The Dockerfile I used for this first test is:

FROM node:12-alpine
RUN mkdir -p usr/src/app
WORKDIR /usr/src/app
COPY . .
RUN npm install --only=production
RUN npx frontity build
EXPOSE 8080
CMD ["npx", "frontity", "serve", "--port", "8080"]

.gcloudignore

This substitute the common .dockerignore. This is the one used for this first test:

README.md
node_modules
npm-debug.log
.git

4. Build you container

We start using Google Cloud and Docker now, so you should have Docker and Google Cloud SDK (https://cloud.google.com/sdk/docs/) installed.

In order to build it, you have to:

Login in gcloud

First step, is to authenticate, so you can work in our project. In order to do so you should run:

gcloud auth login

It will prompt a new tab in the browser to authenticate.
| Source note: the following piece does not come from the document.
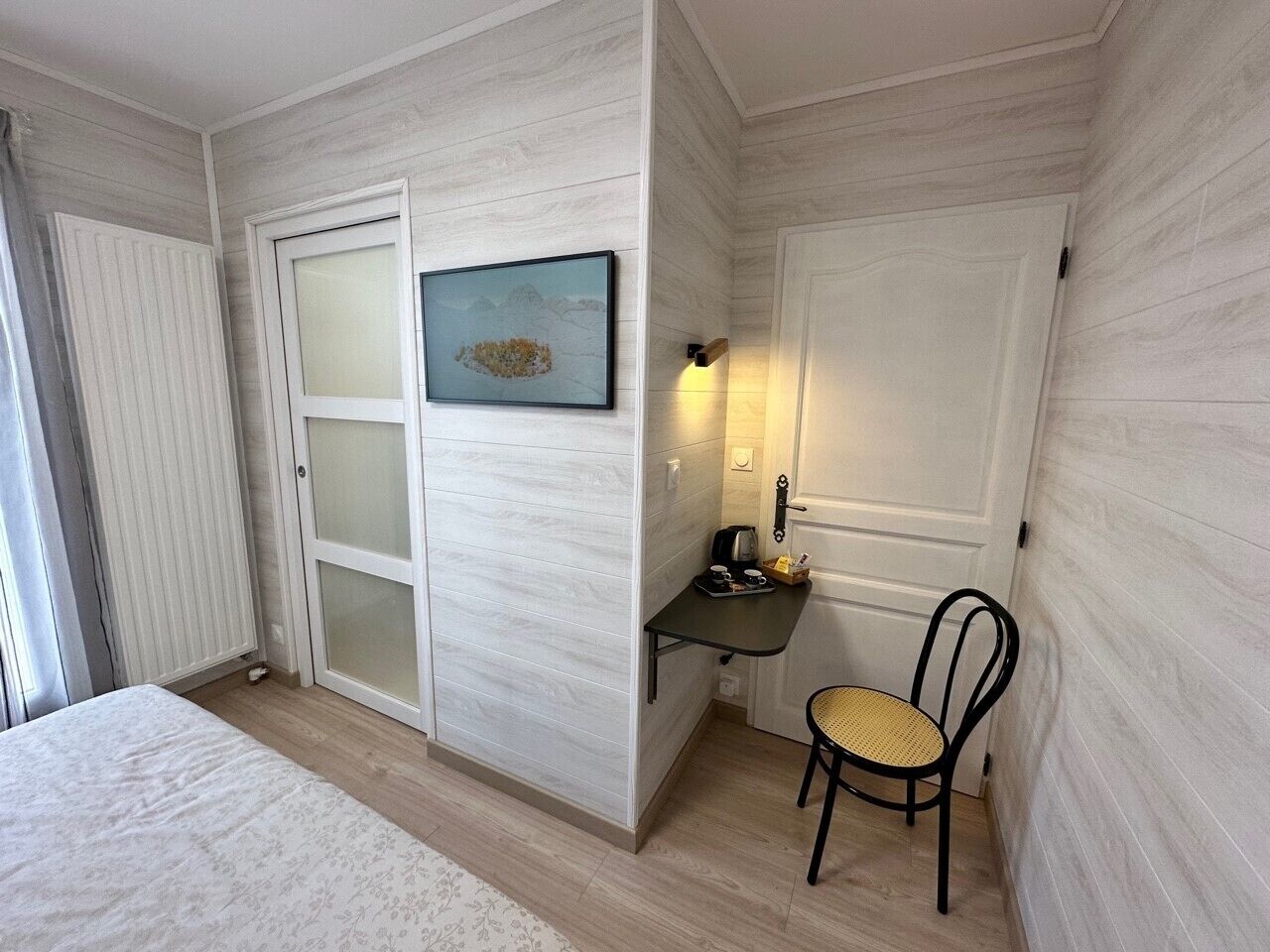 Une chambre à coucher avec un lit, un bureau avec une chaise, un tableau accroché au mur et une porte avec une lumière au-dessus.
Set the project we want to work on

You have to select the project you want to work on with the following command:

gcloud config set project PROJECT_ID

In our case:

gcloud config set project frontity-org

Build the container

You have to use the following command, that will read the Dockerfile:

gcloud builds submit --tag gcr.io/PROJECT_ID/CONTAINER

In our case:

gcloud builds submit --tag gcr.io/frontity-org/frontity-org

5. Deploy to Google Cloud Run

Once the build has finished, and it has succeeded, you can deploy it using this command:

gcloud run deploy --image gcr.io/PROJECT_ID/CONTAINER --platform managed

In our case:

gcloud run deploy --image gcr.io/frontity-org/frontity-org --platform managed

It’ll ask you for the service name, the region, and if you want to allow unauthenticated. You can select any service name and region, but when the CLI ask if you want to allow unauthenticated, you have to select “yes”.

And that’s it! You may need to wait some minutes until the Service works as expected, but with these steps it should be enough.


The next test I’d like to run is to use Google Cloud CDN to serve the static files. According to its docs it seems possible. I’m planning to follow this guide to do it and I’ll post the results here.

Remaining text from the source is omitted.